At OnTrack Wealth Management we often have conversations with clients pertaining to Social Security. When should I take benefits? Why wouldn't I take Social Security at 62 years old? Should I wait until 67 years old or later to take benefits? Everyone's financial plan will dictate a different answer. But within each of those answers, we always look at the tax implications.
Here, we explain everything you need to know about Social Security benefit taxation.
How are Social Security Benefits Taxed?
While Social Security benefits are a vital source of income for many retirees, a portion of these benefits may be subjected to federal income taxes. The Internal Revenue Service (IRS) uses a formula—known as the provisional income formula—to determine the taxable amount.1
Provisional Income Formula
An individual’s provisional income is calculated by adding together their adjusted gross income (AGI), their nontaxable interest, and one-half of their Social Security benefits. The resulting amount is compared to specific thresholds to determine the portion of the benefits that will be subject to taxation.
The thresholds that determine whether Social Security benefits are taxable are as follows:2
- Single filers with a provisional income between $25,000 and $34,000 may have up to 50% of their benefits subject to taxation.
- Single filers with a provisional income exceeding $34,000 may have up to 85% of their benefits subject to taxation.
- Married couples filing jointly with a provisional income between $32,000 and $44,000 may have up to 50% of their benefits subject to taxation.
- Married couples filing jointly with a provisional income exceeding $44,000 may have up to 85% of their benefits subject to taxation.
It’s important to note that these thresholds are not adjusted for inflation, which means that the benefits of more retirees may become subject to taxation over time.

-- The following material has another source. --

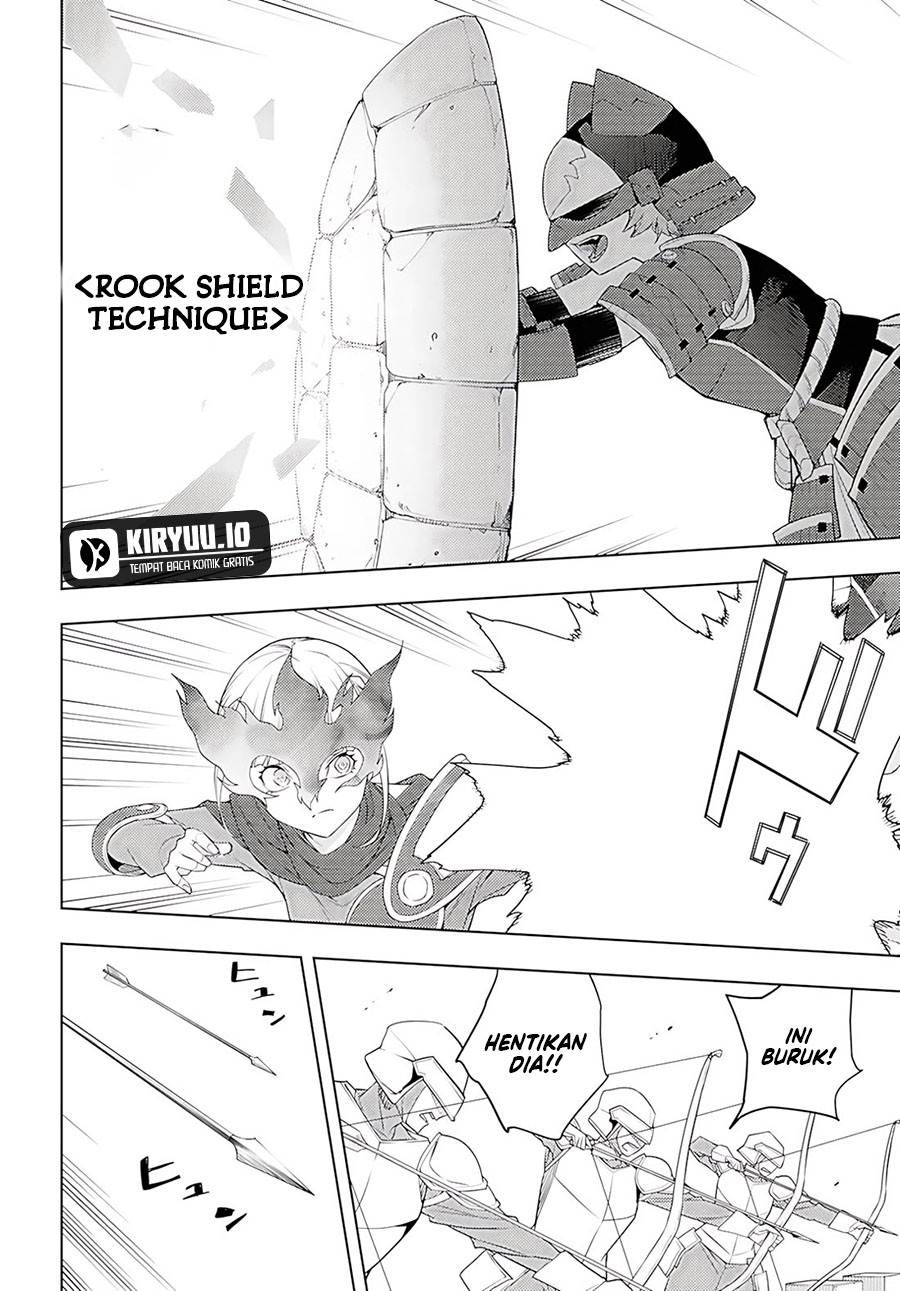 Moto Sekai Ichi’i Subchara Ikusei Nikki: Hai Player Isekai wo Kouryakuchuu! Chap 74 - Next Chap 75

State Taxes on Social Security Benefits
In addition to federal taxes, some states also impose taxes on Social Security benefits. However, the rules and exemptions vary from state to state. Currently, twelve states tax Social Security benefits to some extent, while the remaining states do not impose state taxes on these benefits.3
Strategies to Minimize Social Security Taxes
There are several strategies that you can implement to potentially reduce the taxes on your Social Security benefits. Here are a few:
Diversify Your Retirement Income
Diversify your sources of income during retirement. By relying on a combination of Social Security benefits, retirement savings, and other investments, you may be able to reduce your provisional income and lower your tax liability.
Consider Delaying Benefits
Delaying your Social Security benefits can increase the amount of your monthly payment. This strategy can also help you push back the taxation of your Social Security benefits if you anticipate being in a higher tax bracket in the future.
Create a Withdrawal Strategy
Strategically managing withdrawals from your retirement accounts can help optimize your tax situation. By taking distributions from taxable accounts instead of tax-deferred accounts, you can potentially minimize your provisional income and reduce the taxation of your Social Security benefits.
Understand State Tax Laws
If you live in a state that taxes Social Security benefits, familiarize yourself with the rules and exemptions that are specific to your state. Consulting with a tax professional can provide valuable insights into how to minimize your state tax obligations. You may also want to take the different state tax laws into account when you are deciding where you will live when you retire.
As the famous saying goes, there are only two guarantees in life: death and taxes. Social Security benefits aren’t exempt from taxes, and understanding how your benefits will be taxed will help you form an accurate retirement income planning strategy.